(Records for the exercise Opens)
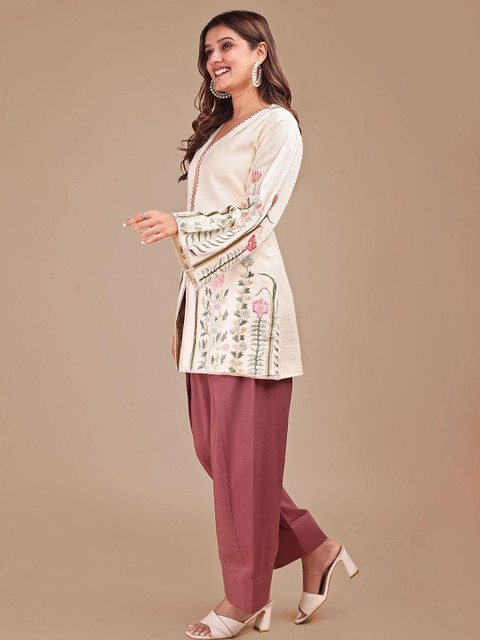 Tikhi Imli Embroidered V-Neck Tunic With Trousers Co-Ords - Image 5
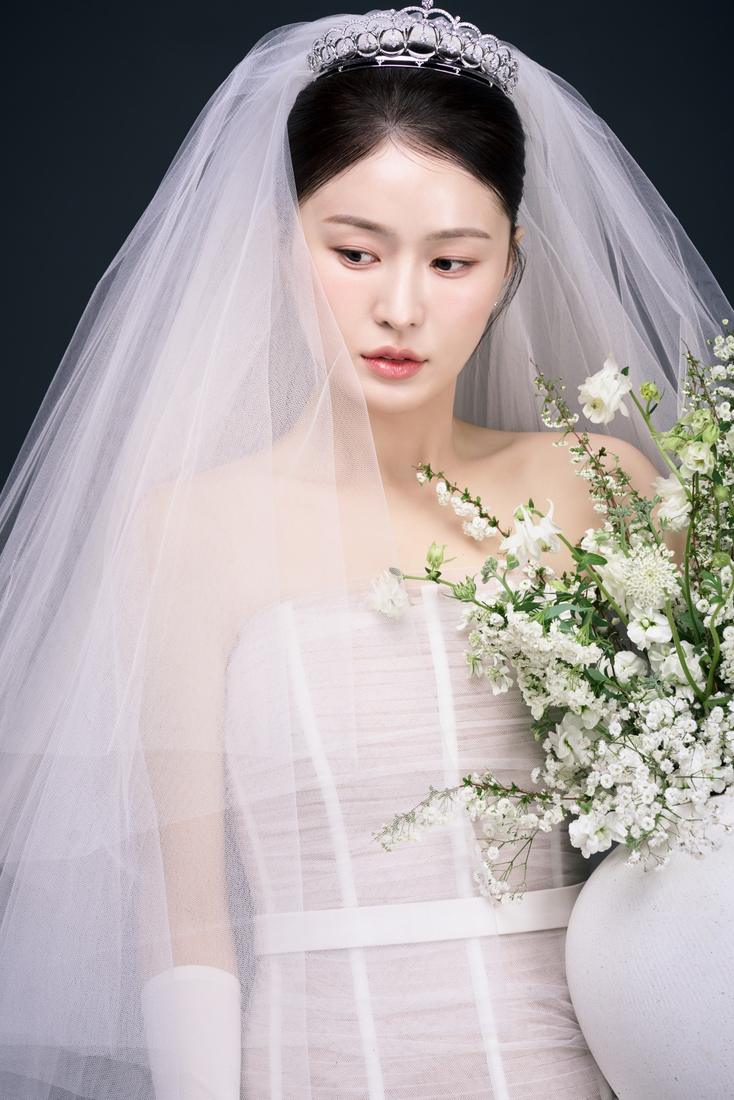 스캘럽 다이아 티아라 웨딩 촬영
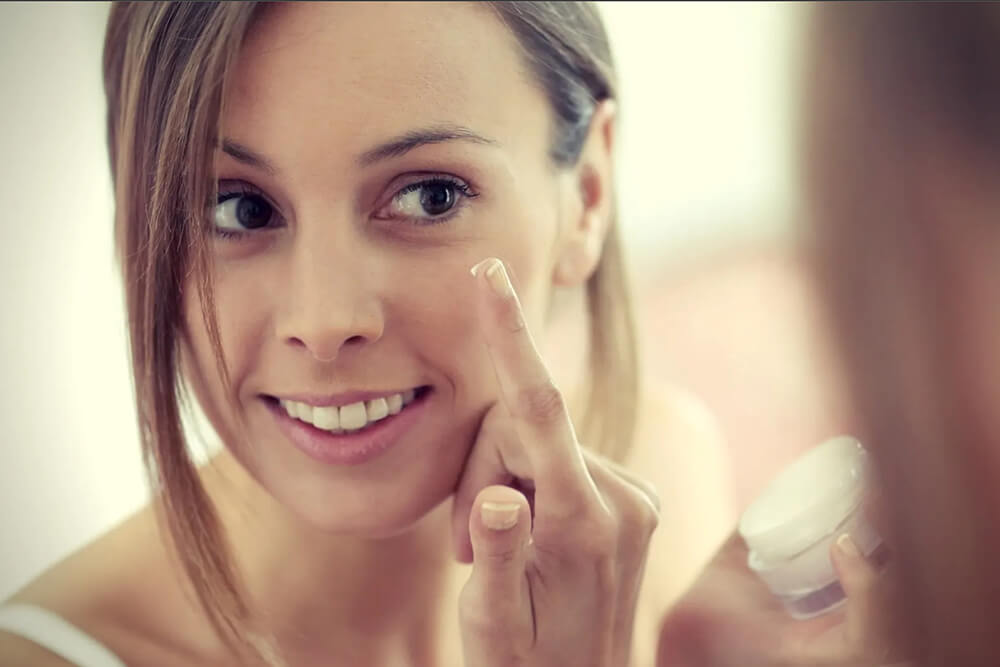 Нанесение антивозрастного крема для лица Нанесение антивозрастного крема для лица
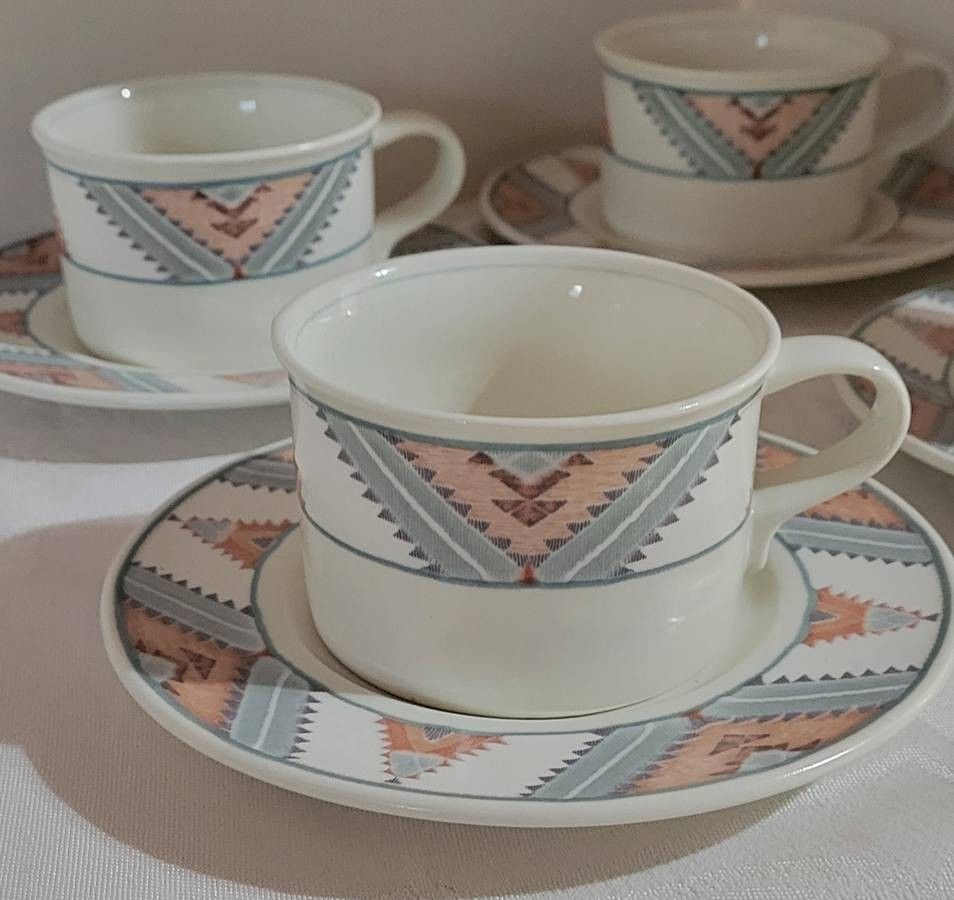 Mikasa Intaglio Santa Fe, Set Of Four Cups And Saucers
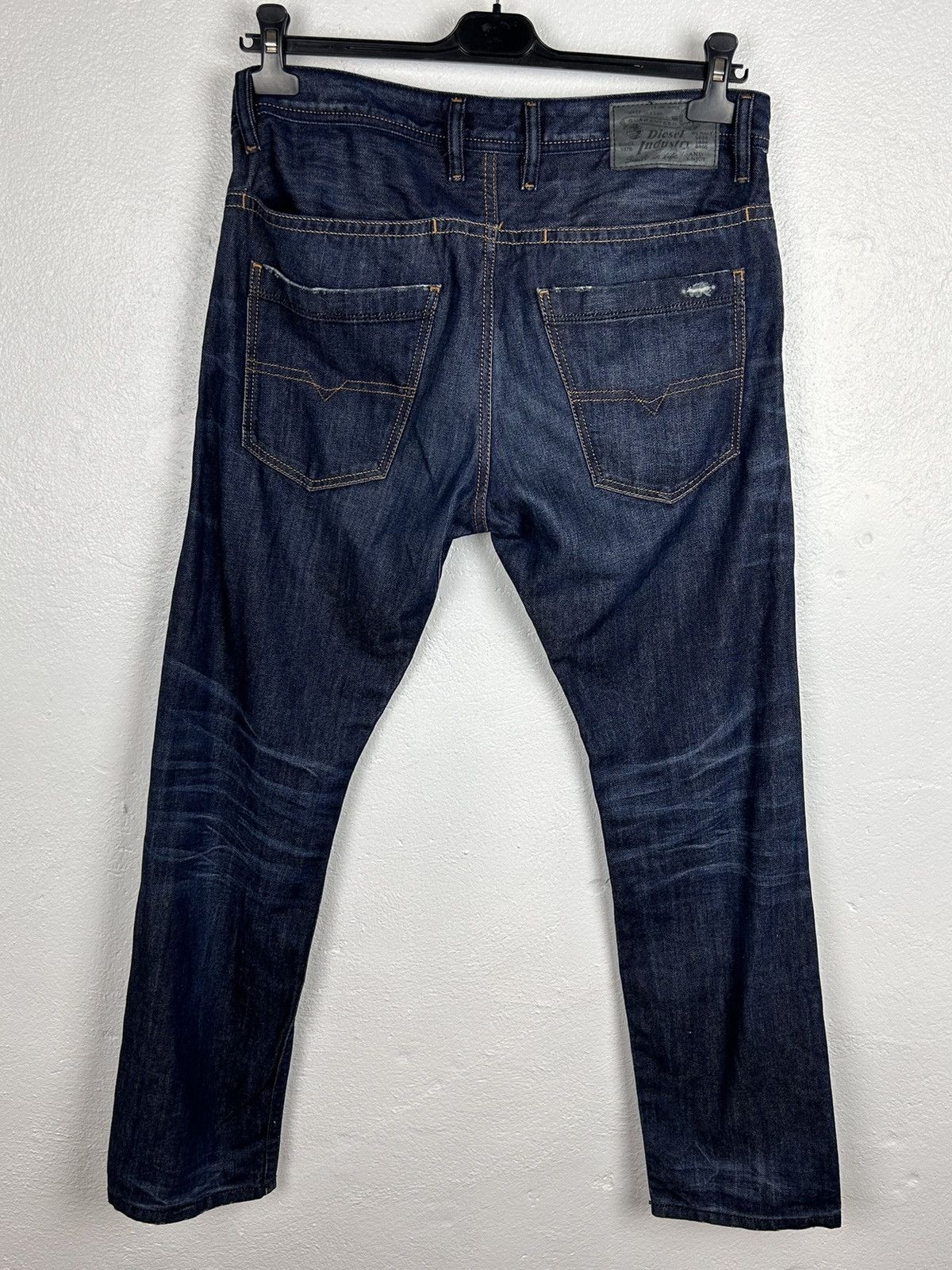 Diesel Diesel Braddom 0806W Regular Slim Carrot Jeans In Size 31/32 Size US 31 - 6 Thumbnail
(Records for the exercise Closes)
• Your goal
Take the line containing "스캘럽 다이아 티아라 웨딩 촬영" and every line after it up to the end of the data, and write them out exactly, without the pictures.

• Task result
 스캘럽 다이아 티아라 웨딩 촬영
 Нанесение антивозрастного крема для лица Нанесение антивозрастного крема для лица
 Mikasa Intaglio Santa Fe, Set Of Four Cups And Saucers
 Diesel Diesel Braddom 0806W Regular Slim Carrot Jeans In Size 31/32 Size US 31 - 6 Thumbnail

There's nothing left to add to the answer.